Онлайн книга - Андрей Белый | Автор книги - Валерий Демин

Cтраница 25
читать онлайн книги бесплатно

Отъезд Александра Александровича и Любови Дмитриевны из Первопрестольной в Петербург совпал с началом Русско-японской войны. В книге «Начало века» Белый сумел описать ее в нескольких строках: «Разразилась война; над Москвой потянуло как гарью огромных далеких пожаров; уже авангард поражений на фронте давал себя знать; ПортАртур грохотал еще; в иллюстрированных же приложеньях еще гарцевал с шашкой Стессель; Москва, государственная, стала ямой; в воздухе повисла – Цусима»… После отъезда Блоков оставшиеся «триумвиры» сделали культовый фотоснимок: на нем Борис и Сергей сидят за столиком, на котором рядом с Библией в рамках стоят фотопортреты Владимира Соловьева и Любови Дмитриевны.

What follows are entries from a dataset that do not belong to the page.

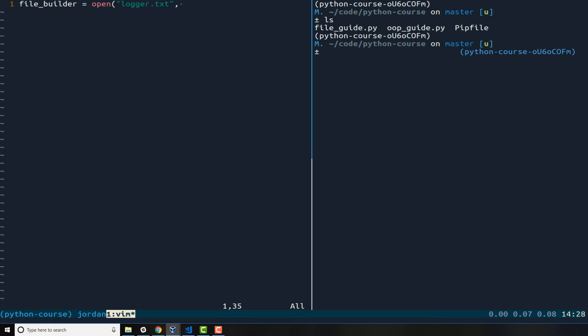And it takes another argument which is the way that we want to open it up. So this is the set of permissions that we want our program to follow. It takes in a string and I'm going to say W plus, so this allows us to write to this file.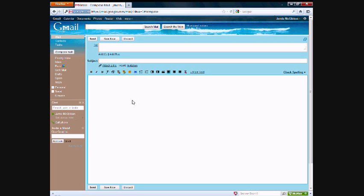So in Gmail, if you have your email address, let's say it's address@gmail.com. So you have your email address here.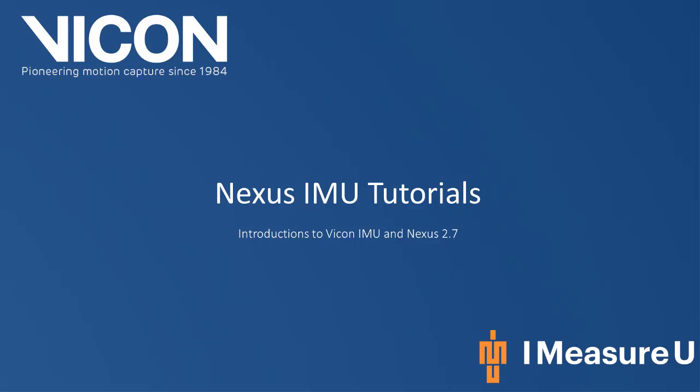Hello and welcome to a Vicon YouTube tutorial. This video is on integrating the Vicon IMU with Nexus 2.7.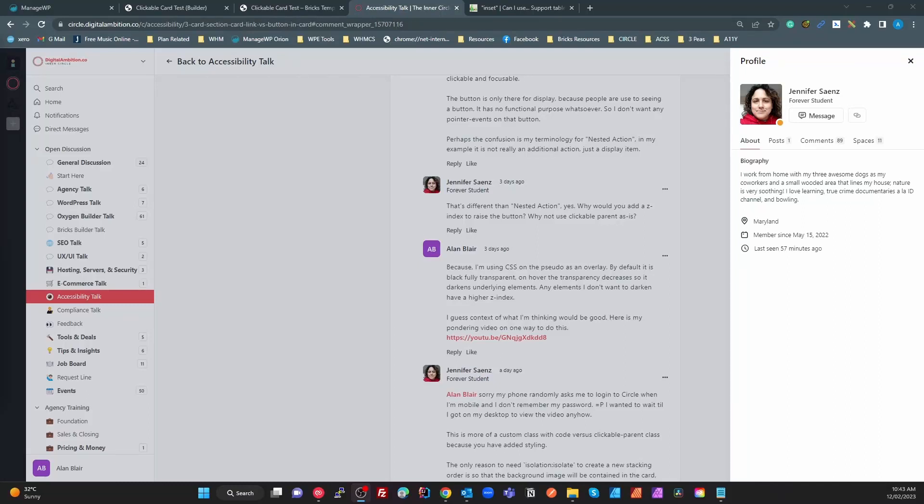Alright guys, just another shout out here, revisiting the clickable parent concepts. I put up a video a few days ago with some relatively complex CSS looking for sibling selectors and all that sort of stuff. Over here in the Digital Ambition Inner Circle, Jennifer pointed out the errors in my ways and gave me a virtual clip across the ears in a nice way.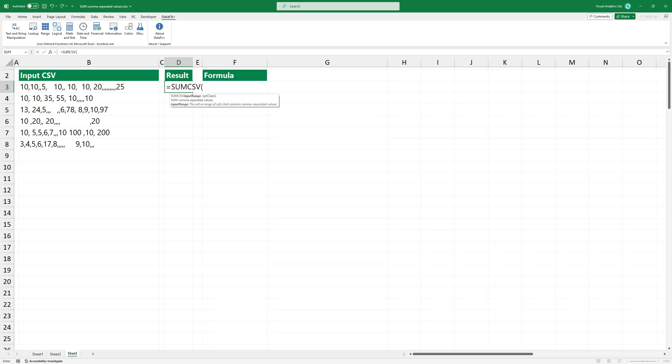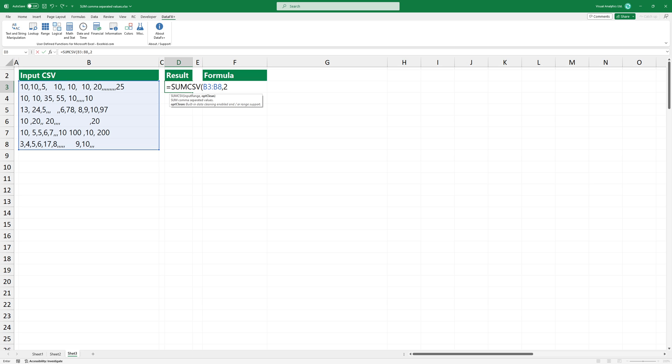Take a closer look at a more complex example. In the last example, you want to summarize a range that contains comma-separated values. Use two as a second argument. Press Enter. The SUMCSV function summarizes the range and returns the result quickly.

До середины лета 1904 года Белый был целиком погружен в запутанный роман с Ниной Петровской. Переписка с Блоком приобрела эпизодический характер, но она оставалась единственной отдушиной, позволявшей надеяться на лучшее. В начале апреля он писал: «Милый, милый Александр Александрович, спасибо за письмо. Мне стало тепло от него и уютно – стало уютно в бесприютности. Я вспомнил огневые закаты, зеленые травы и много синеньких колокольчиков. Аромат полей и несказанное блаженство приближений ушло от меня теперь, весной, а еще осенью, в ноябре, приходила весна и пела. Но почему-то я знаю, что когда, разбитый и усталый, убегающий от безумия, я приду в зеленую чащу и в изнеможении замру весь в цветах, Ты меня поймешь и не станешь расспрашивать ни о чем. Я Тебя нежно люблю за это, как будто уже все это произошло. Я не могу сейчас говорить умных вещей о Боге, о людях – я устал и хочу думать в цветах о „ни о чем“… <…>

Цветов, цветов – ландышей! Мы будем бродить в лесах. Струевое серебро заблещет звоном между осоками. Мы укроем безумие в холодном серебре. Мы опояшемся серебряной лентой и, молясь, прострем ее, как орарь (так в оригинале. – В. Д.). Мы поймаем луну – маленький, горький кружок, – в зеркальный орарь и спрячем серебряную ленту вместе с луной между травами. Тонконогий журавль выйдет из лесного сумрака и постучит добродушно нам в спину своим тонким, алмазным клювом. Мы начнем журавлиные игры, и потом холодный туман запахнет нас… до утра. Утром нам покажут душившее нас безумие. Громовым комом оно, раздутое, повиснет в утреннем небе. Синебледные зарницы пригрозят нам стрелами, но журавль скажет, указывая клювом на тучу: „Тщетно тщилась“. <…>»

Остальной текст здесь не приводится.